# ASSIGNMENT
Only reproduce the lines from the line containing "Saboteur (Preorder)" onward, exactly, through the final line of the data below.

# AVAILABLE DATA

Start of Block

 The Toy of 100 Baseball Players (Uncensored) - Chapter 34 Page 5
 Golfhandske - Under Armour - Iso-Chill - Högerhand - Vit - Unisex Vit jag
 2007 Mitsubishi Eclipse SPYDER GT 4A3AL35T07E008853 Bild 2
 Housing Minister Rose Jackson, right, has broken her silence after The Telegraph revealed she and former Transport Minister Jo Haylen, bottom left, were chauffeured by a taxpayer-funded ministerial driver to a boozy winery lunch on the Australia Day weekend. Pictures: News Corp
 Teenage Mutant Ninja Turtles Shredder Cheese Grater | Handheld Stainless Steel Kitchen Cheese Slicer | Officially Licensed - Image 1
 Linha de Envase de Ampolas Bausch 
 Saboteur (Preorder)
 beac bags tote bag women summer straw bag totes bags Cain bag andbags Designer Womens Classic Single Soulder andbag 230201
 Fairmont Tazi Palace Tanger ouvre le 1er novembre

End of Block

# RESULT
 Saboteur (Preorder)
 beac bags tote bag women summer straw bag totes bags Cain bag andbags Designer Womens Classic Single Soulder andbag 230201
 Fairmont Tazi Palace Tanger ouvre le 1er novembre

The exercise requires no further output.